Mailing List Archive

Support open source code!


[Date Prev][Date Next][Thread Prev][Thread Next][Date Index][Thread Index]

Re: tlug: XEmacs and Kanji detection



--------------------------------------------------------
tlug note from "Stephen J. Turnbull" <turnbull@example.com>
--------------------------------------------------------
>>>>> "Steve" == Steve Dunham <dunham@example.com> writes:

    Steve> I believe the locale is passed to the input method. (I
    Steve> suspect this is why the Solaris input method didn't work
    Steve> for me.)

Dunno about Solaris, but under Linux, XIM will definitely crash your
XEmacs+Mule if XMODIFIERS sets an input method and that input method
fails to open for any reason.  However, locale is used in a bunch of
places in XEmacs.  For starters, `fgrep -l locale
/var/project/xemacs-20.2/src/*.[ch]' lists 25 files.

    >> The locale processing also seems to be inconsistently
    >> implemented, since "LANG=ja_JP.EUC" results in SJIS being
    >> correctly displayed (and "LANG=ja_JP.SJIS" produces correct
    >> results for EUC).

    Steve> Umm, what do you want it to do? Disable EUC support?

Well, there are times when I'd like to be able to do something like
that, since there are ambiguous files.  I have yet to figure out how
to get a buffer to be reread in various different encodings
conveniently.  One can set `buffer-file-coding-system' and relatives,
but this is pretty clumsy.

    Steve> Currently it only uses the LANG variable to determine the
    Steve> "default" language for startup.

Thanks for confirming that.

    Steve> XEmacs, by default, seems to have iso-2202 filters in the
    Steve> loading process.  The SJIS detection seems to be added when
    Steve> you load the japanese language stuff.  This happens when
    Steve> LANG=ja or you pick the Japanese menu item.

To be picky, iso-2022 seems to be enabled by Mule; it doesn't work if
you compile XEmacs without Mule.  (I had some spare cycles while I was
lecturing the other day....)  I would guess that SJIS can _only_ be
recognized if you assume Japanese; I'm not sure why EUC doesn't get
recognized (my guess is that most EUC files do not conform to the
ISO-2022 standard of starting out in ASCII (ISO-Latin-1?) and shifting
into Japanese; if they did, they'd probably be recognized).

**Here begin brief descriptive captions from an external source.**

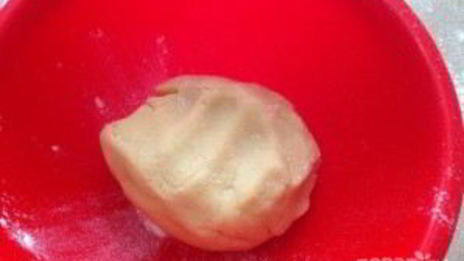 печенье с шоколадной начинкой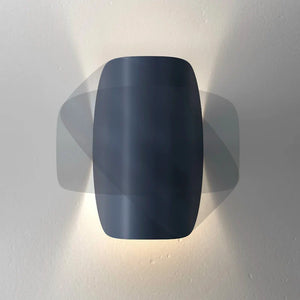 Modern LED Wall Light Minimalist Indoor Lamp for Bedroom Living Room Decor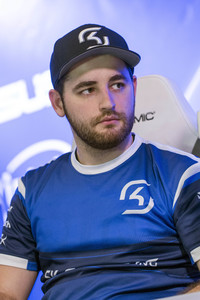 ESL One Cologne in Köln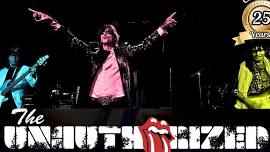 Live at The Historic BAL Theatre - The Ultimate Rolling Stones Tribute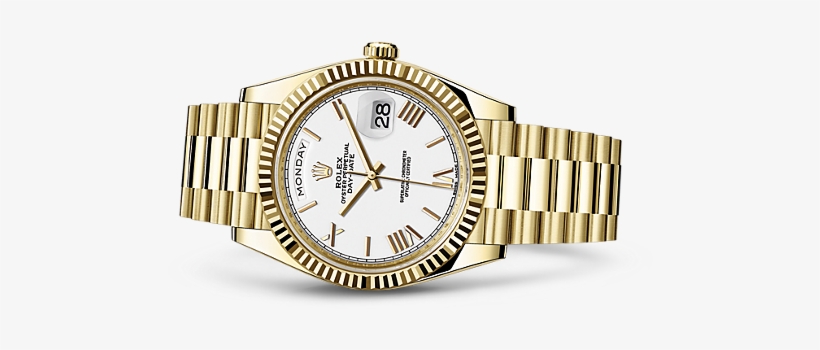 Rolex Png.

    Steve> (You can probably do this in .emacs too, you should be able
    Steve> to select Japanese and "Save Options", but I haven't tried
    Steve> it.)

This works, Jason Molenda mentioned it.

    Steve> Anyways, you can change the "default" language in the menu:
    Steve> "Options/Language Environment".

But this is too late for XIM (as I mentioned earlier).

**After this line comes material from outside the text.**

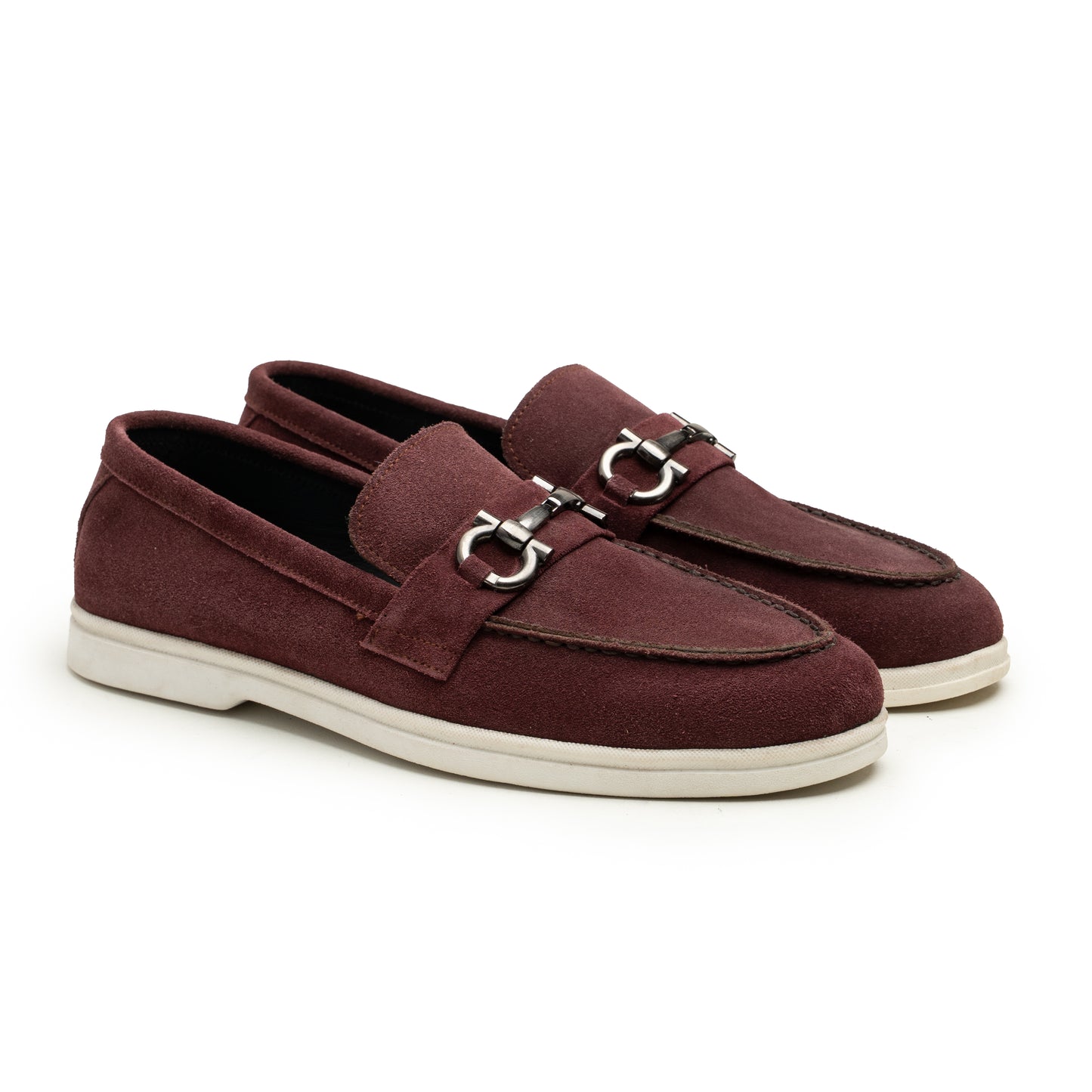 The Sailor Loafers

    Steve> File encoding can be set on a per buffer basis using C-x
    Steve> C-n f (type C-x C-n C-h for a list of bindings).

Unfortunately, this doesn't work.  :-)  You need to use
`set-buffer-file-coding-for-read' which isn't bound.  A trivial
complaint since one can bind it oneself.

    >> Furthermore, using `(setenv "LANG" "C")' or any other locale
    >> does not affect this, so the locale of the XEmacs process seems
    >> to be fixed at invocation, and only used to invoke Mule
    >> features.

    Steve> Ahh, digging around, I found yet another reason for this:
    Steve> in the lisp directory, there is a
    Steve> locale/ja/locale-start.el.  Apparently, there is no
    Steve> directory for other locales.  (XEmacs desperately needs
    Steve> testers for non-japanese MULE stuff.)

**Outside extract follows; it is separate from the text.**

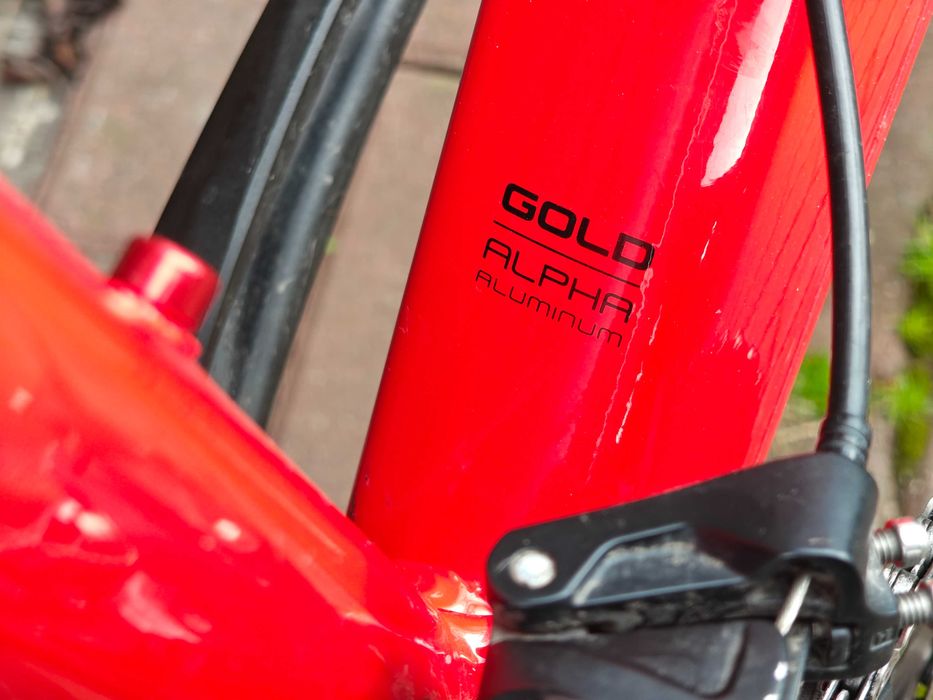 Rower MTB Trek X-Caliber 7 XL / 29" / 2020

Do you know where this is used?  All this file does is set up a
localized version of the opening "splash frame", and a localized
version of the usage message.

    Steve> Why do you get a feeling that the mule features are hacked
    Steve> in?  It feels fairly clean to me.  There are probably some
    Steve> necessary differences from the gnu emacs MULE, because of

Yes, and all the ones I've seen so far I like ;-)

    Steve> design differences in the core editor.  But as far as I can
    Steve> tell, MULE is nicely integrated into the editor.

Aaaah, maybe I misspoke (I'm not sure about that yet).  Maybe it's the 
XIM that's not properly integrated into Mule.  But Mule (from the
little I've read the code) seems not to be designed to integrate
external henkan servers into its multilingual features.  As far as I
can tell, you either use a server or you don't, it's more or less
fixed at startup (for XIM, at compilation in the cases of native Canna
and Wnn support), and it is not selectable by menu.  This is maybe a
Mule problem more than an XEmacs problem.

    >> It seems to choke on the (standard-compliant) MIME content-type
    >> header.  If that (`Content-type: text/html;
    >> charset=iso-2022-jp') is present, the non-ASCII characters turn
    >> into mojibake :-(.

    Steve> Sounds like a bug in w3.el... It seems to be ignoring the
    Steve> charset specification in the HTTP header.  Does it work in
    Steve> MULE?

Dunno for sure; can't get the 3.0.x version of w3.el to work with GNU
Emacs/Mule (I think this is due to my config stepping on it; but I'm
not sure where).  But w3-2.2.26 shows the same bug with GNU
Emacs/Mule.

And it's worse than ignoring; it only gets it wrong when the charset
spec is present.

Anyway, I've reported the bug.

    >> Do you get the right charsets when switching from an SJIS
    >> server to an ISO-2022 server in w3.el?  Do you need to do
    >> anything else (in particular I'm thinking of the liblocale
    >> dodge that works with Netscrap)?  Do you get messages about not
    >> being able to set locale, using C/POSIX instead?

    Steve> This is the funny thing: I get those messages from XEmacs
    Steve> for "LANG=de", perl does the same thing.  But I don't get
    Steve> any messages from Netscape (which displays correctly

Netscape probably does not use libc localization, it probably uses
Motif localization.  Unless you mean it displays localized messages to 
std{err,out}.

    Steve> localized text) or various GNU utilities (again with
    Steve> varying degrees of localized text).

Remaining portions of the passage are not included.